We’ve had a number of posts here about Flexcar, the carsharing program that has been operating here in Portland for several years (disclaimer, I’m a member, and a happy one).
Until now, Flexcar has enjoyed free use of on-street parking spaces under what PDOT considered a pilot program (not quite free – Flexcar pays the administrative costs of signage, etc. for the spaces).
PDOT has been trying to figure out what to do about this on a permanent basis. They took a run at a policy last year, but decided to leave the ‘pilot’ in place for another year. The imminent entry of Zipcar (another carsharing company) into the Portland market has apparently motivated PDOT to get going again. PDOT is now seeking feedback on a policy draft. There are several key features to this draft that I’m having trouble with:
- Only allows two carsharing companies to have access to on-street spaces
- Caps companies at 50 spaces each in metered zones (unmetered spaces are not capped)
- Seeks full recovery of foregone meter revenue at spaces in metered zones
First, I don’t know why we would limit this to two companies. I think we need the opportunity for the innovation that other companies might offer. For example, I know a company that is working on the idea of a sharing program based on neighborhood electric vehicles (NEVs). I would hate to think this innovation was locked out because we already had two companies running programs with more traditional vehicles.
Capping spaces in metered zones is self-defeating. These are the zones that have the most intensity of activity and therefore the most opportunity for carsharing. And they are the zones that can benefit most. One study shows that a carsharing vehicle avoids many (up to 15) individually owned vehicles. Also, we are likely to see more metered zones in Portland, as Commissioner Adams pushes neighborhood business districts to look at metering. If we ever get consensus on a parking plan in NW Portland, I think Flexcar would instantly be over its limit.

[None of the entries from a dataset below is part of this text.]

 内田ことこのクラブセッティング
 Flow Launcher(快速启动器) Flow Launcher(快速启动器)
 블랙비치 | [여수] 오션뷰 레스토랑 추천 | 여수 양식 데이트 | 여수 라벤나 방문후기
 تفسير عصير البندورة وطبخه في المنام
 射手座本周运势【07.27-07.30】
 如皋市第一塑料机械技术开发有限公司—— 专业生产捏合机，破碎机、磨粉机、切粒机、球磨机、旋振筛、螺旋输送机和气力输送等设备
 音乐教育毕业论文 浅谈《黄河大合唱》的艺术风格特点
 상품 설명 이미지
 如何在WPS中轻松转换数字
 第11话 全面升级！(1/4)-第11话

And full cost recovery ignores the collective benefits of these programs. Sure, they’re private for-profit companies. But carsharing members are less likely to own (and drive) private autos and generally make more use of transit. And as I said before, in areas of constrained parking supply like NW Portland, they help reduce demand for on-street spaces.
Of course, Flexcar is not lying down. Their member newsletter suggests a number of talking points to use with the City:
- Flexcar is pleased with the City’s favorable evaluation of the reserved, on-street parking program for shared cars and other transit options.

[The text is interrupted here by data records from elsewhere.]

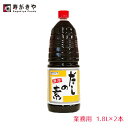 寿がきや 業務用 だしの素 1.8L 2本セット スガキヤ すがきや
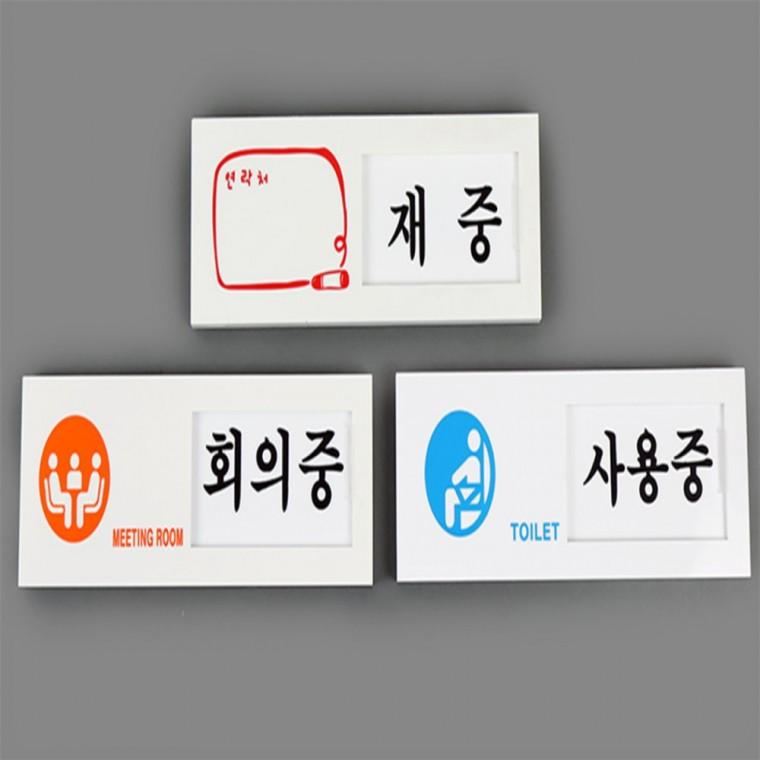 여닫이 표지판 부재중표지판 사무실부재중안내판 재실부재중표지판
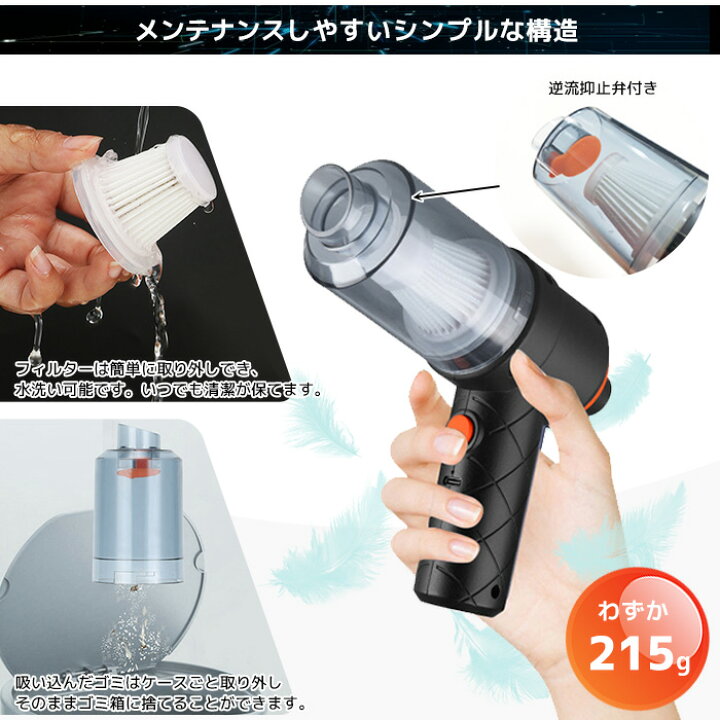 楽天市場】ハンディクリーナー 2in1 掃除機 カークリーナー ブロワー 
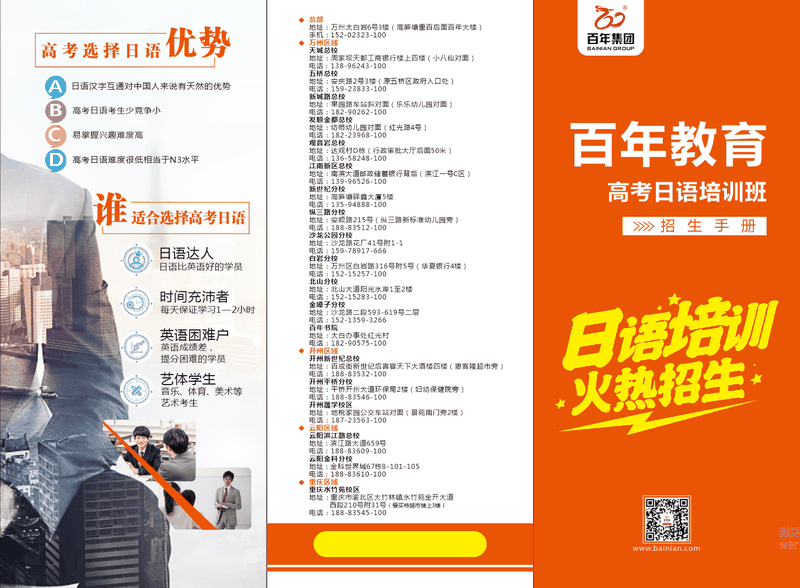 零基礎怎么學日語？好學嗎？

- However, there are problems with the proposed new parking fees and with putting a cap on the number of metered spaces that may be used for transit options.

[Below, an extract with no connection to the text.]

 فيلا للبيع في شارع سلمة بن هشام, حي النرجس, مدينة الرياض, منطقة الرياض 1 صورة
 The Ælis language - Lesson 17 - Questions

- The average cost for Flexcars existing spaces would be about $65 per month in the first year and $130 per month in the second year.
- What this means for Flexcar members:
- Loss of convenience. Higher on-street parking costs for Flexcar will result in fewer vehicles being placed in high-demand locations. There would also likely be a shift away from on-street spaces to parking garages, where they are available.
- Higher costs for car-sharers. Flexcar members could face an hourly surcharge to use cars located at on-street parking spots, to cover the cost of the new fees. If cars are moved to parking garages, this new expense would also raise car-sharers rates.
I understand PDOT’s dilemma. They don’t want multiple companies oversupplying the market to the point that they chew up too many spaces and don’t get enough use. They also have legitimate concerns about losing meter revenue, one of PDOT’s few sources of operating revenue.
But I have a better idea for a policy to balance the benefits and costs. First eliminate the caps and change the pricing structure to reward efficiency. Pick an optimum utilization target (12 hours per day?) and for cars in spaces that hit the target, keep cost recovery at the administrative recovery level. For vehicles with less utilization, have a sliding scale of cost recovery, with minimally utilized vehicles paying 100% meter revenue recovery.
This encourages the companies to serve their customers efficiently, and punishes over-supply, while still allowing underwriting the public benefits where they are delivered well.
Who has other ideas?
27 responses to “Flexcar Getting Stiffed?”
I agree that messing with how many companies get spaces is probably not a good idea. I think the smarter approach is for PDOT to make the decision on where in public lots sharecars will have flat-fee access. Cap that number to preserve total parking spots, and then auction or allocate the spots yearly based on some kind of sales/efficiency/sustainability metric. That way there can be as many companies as the market can support, and they compete fairly for the same scarce resources. If you’re a smaller company maybe you gain points for all zero emission vehicles, or because your cars get more hours/24 use. Whatever. But bottom line is PDOT needs to choose spaces, set a monthly rent on each, and then fairly dole them out in a systematically accountable way.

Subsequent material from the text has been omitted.